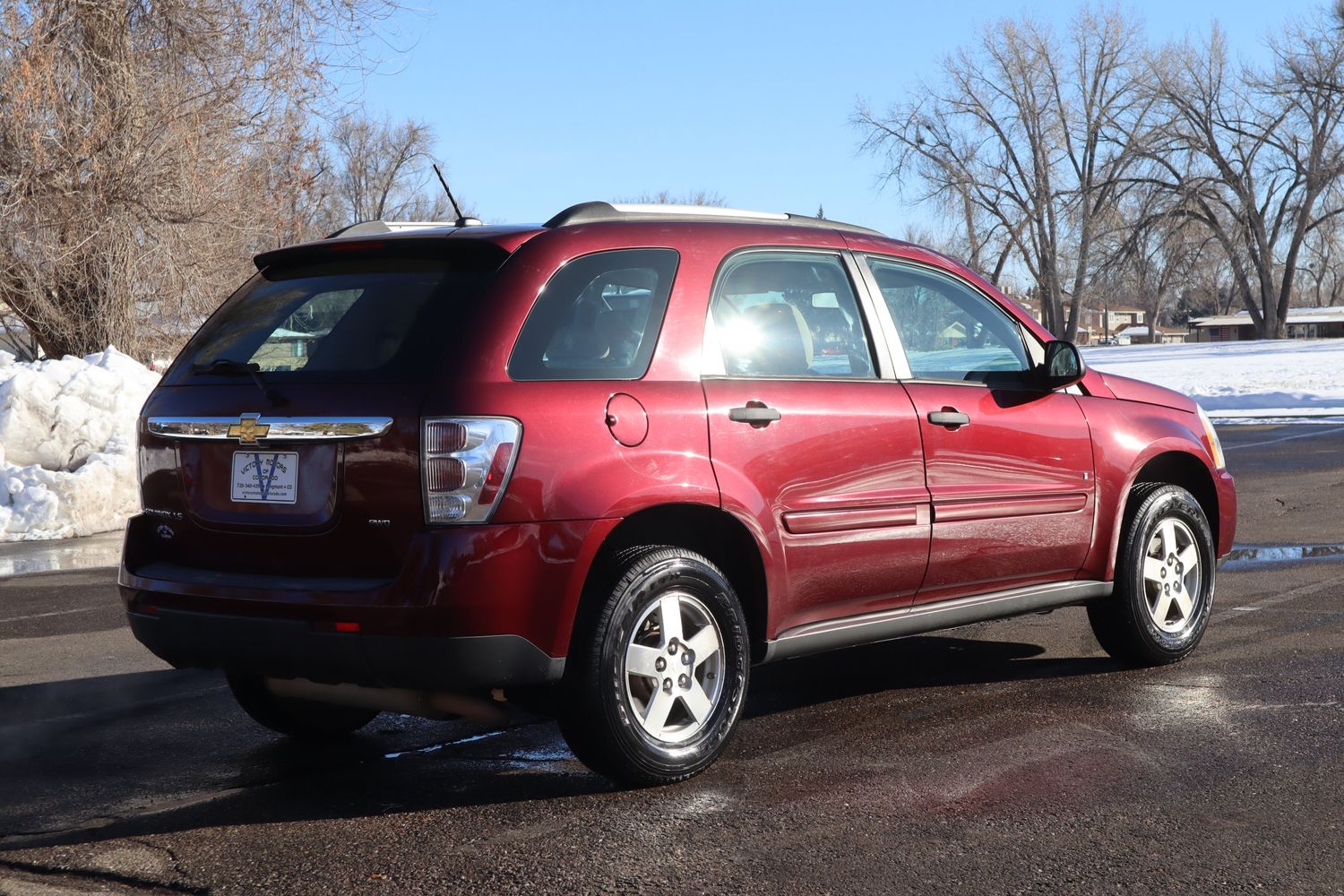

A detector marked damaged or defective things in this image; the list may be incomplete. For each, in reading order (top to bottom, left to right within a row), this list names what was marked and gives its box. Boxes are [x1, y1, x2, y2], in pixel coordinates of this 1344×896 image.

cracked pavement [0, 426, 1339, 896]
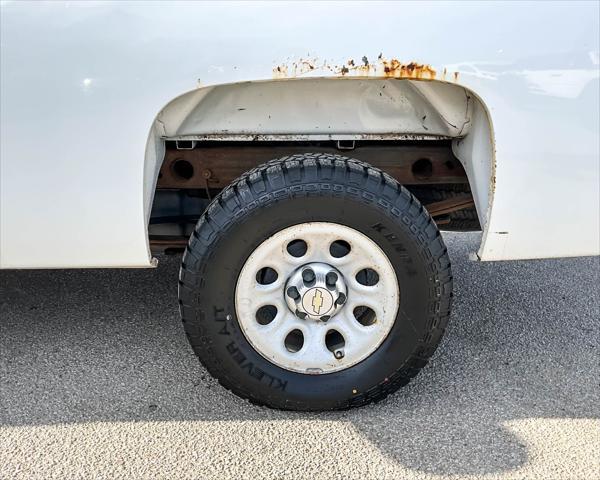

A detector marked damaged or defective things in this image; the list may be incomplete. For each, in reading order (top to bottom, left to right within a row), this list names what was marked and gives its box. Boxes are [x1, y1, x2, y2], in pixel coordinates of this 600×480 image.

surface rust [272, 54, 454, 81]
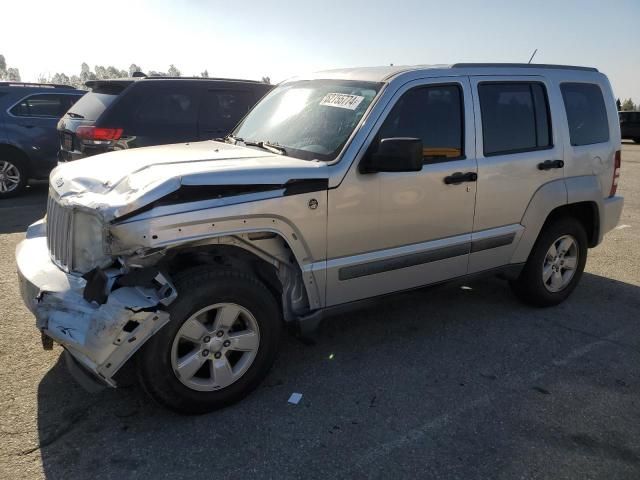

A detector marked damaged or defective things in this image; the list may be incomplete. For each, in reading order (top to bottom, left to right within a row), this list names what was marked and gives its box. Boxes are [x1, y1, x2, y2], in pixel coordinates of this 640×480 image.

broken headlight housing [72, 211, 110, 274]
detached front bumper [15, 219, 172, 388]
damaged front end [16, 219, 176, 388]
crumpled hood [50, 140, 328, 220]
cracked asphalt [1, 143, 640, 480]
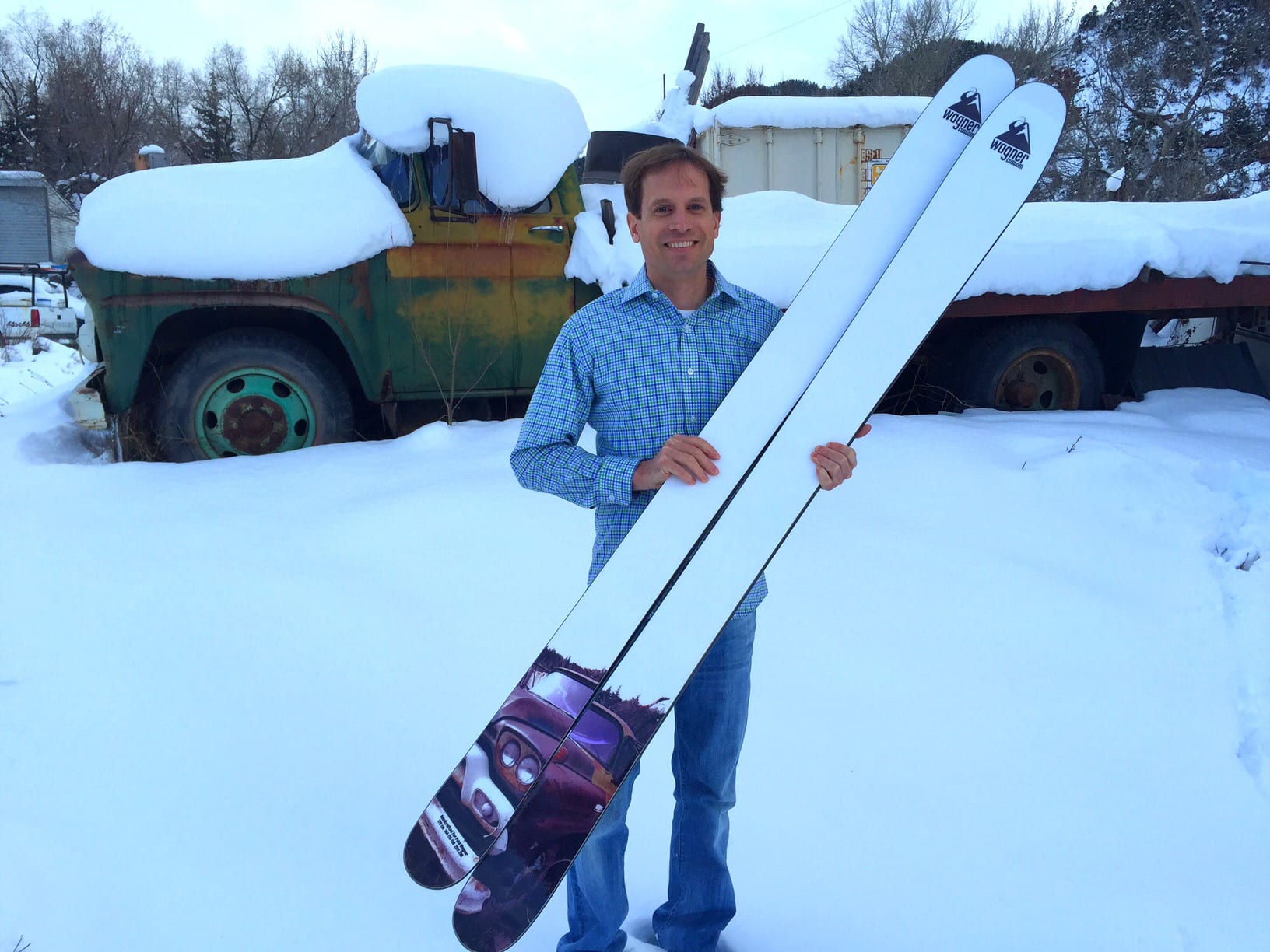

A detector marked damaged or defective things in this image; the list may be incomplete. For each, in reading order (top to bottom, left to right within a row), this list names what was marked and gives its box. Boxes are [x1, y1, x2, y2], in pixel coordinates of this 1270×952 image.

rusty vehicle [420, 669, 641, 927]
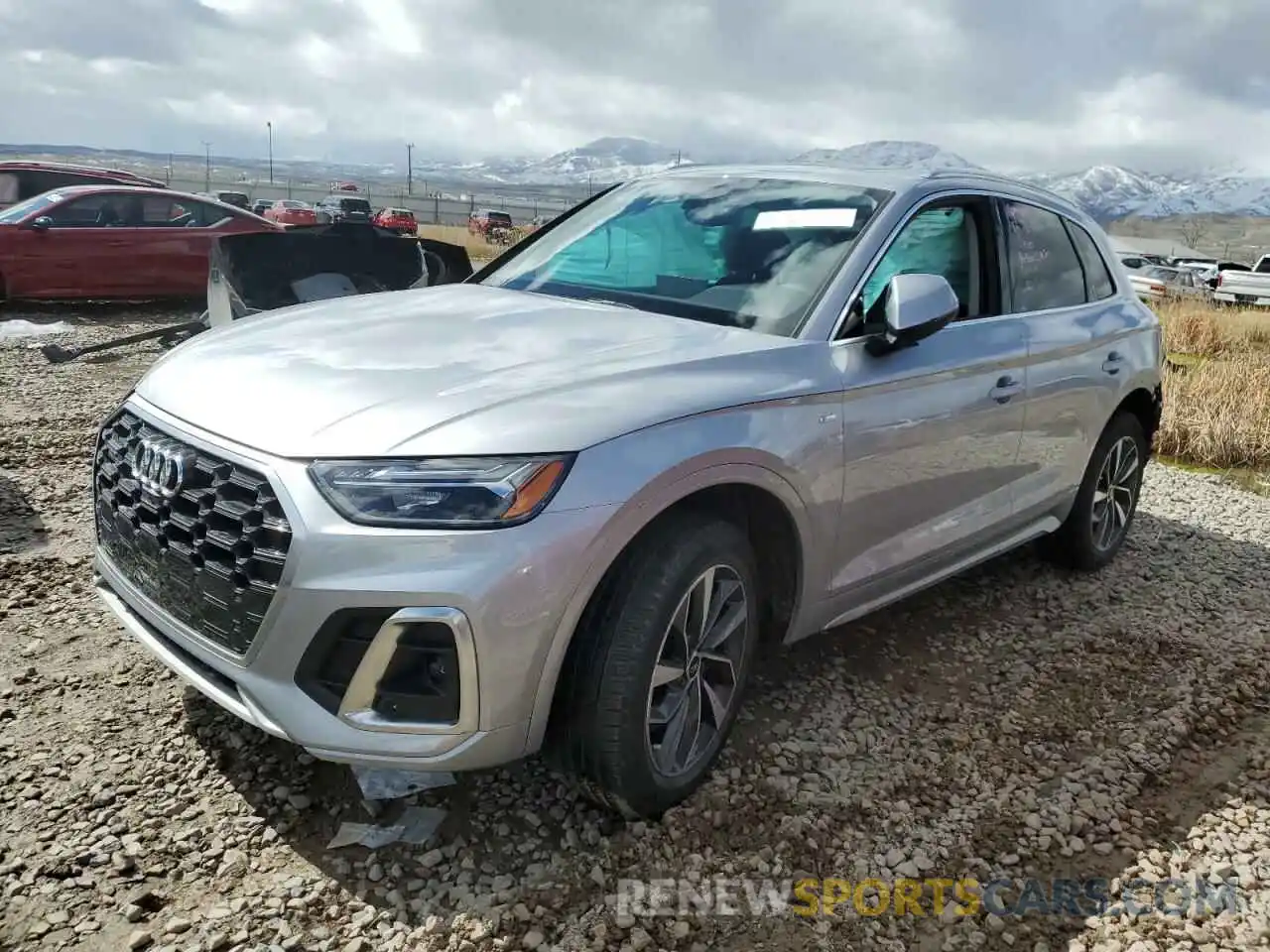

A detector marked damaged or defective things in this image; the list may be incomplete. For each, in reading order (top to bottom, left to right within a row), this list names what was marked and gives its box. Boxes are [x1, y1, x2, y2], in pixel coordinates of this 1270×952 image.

########

• **Instructions to follow**
Only the wording of the records is wanted: copy it all exactly and omit the pictures.

• **The completed task**
A detector marked damaged or defective things in this image; the list may be incomplete. For each, in reading order (top to bottom, left to right within a row), this list names what was marked and gives its box. Boxes are [x1, y1, x2, y2], in pixel coordinates of this 1344×896 image.

cracked pavement [0, 426, 1339, 896]

A detector marked damaged or defective things in this image; the list may be incomplete. For each, in reading order (top to bottom, left to right within a row), this list names what was marked and gives its box. Boxes are [x1, y1, x2, y2], in pixel coordinates of this 600×480 image.

surface rust [272, 54, 454, 81]

A detector marked damaged or defective things in this image; the list may be incomplete. For each, in reading order (top to bottom, left to right within a row), this list names what was marked and gives its box. Boxes are [x1, y1, x2, y2], in pixel coordinates of this 640×480 image.

broken headlight housing [72, 211, 110, 274]
detached front bumper [15, 219, 172, 388]
damaged front end [16, 219, 176, 388]
crumpled hood [50, 140, 328, 220]
cracked asphalt [1, 143, 640, 480]

A detector marked damaged or defective things in this image; the list may be incomplete. For each, in reading order (top to bottom, left to right within a row), this list names what was marked and gives its box. Boxes are [x1, y1, x2, y2], in pixel coordinates of this 1270×952 image.

rusty vehicle [420, 669, 641, 927]

A detector marked damaged or defective things in this image; the list may be incomplete. For each, in reading order (top to bottom, left to right within a row), this list names what was marked and gives its box. Boxes are [x1, y1, x2, y2], in pixel coordinates of this 1270×952 image.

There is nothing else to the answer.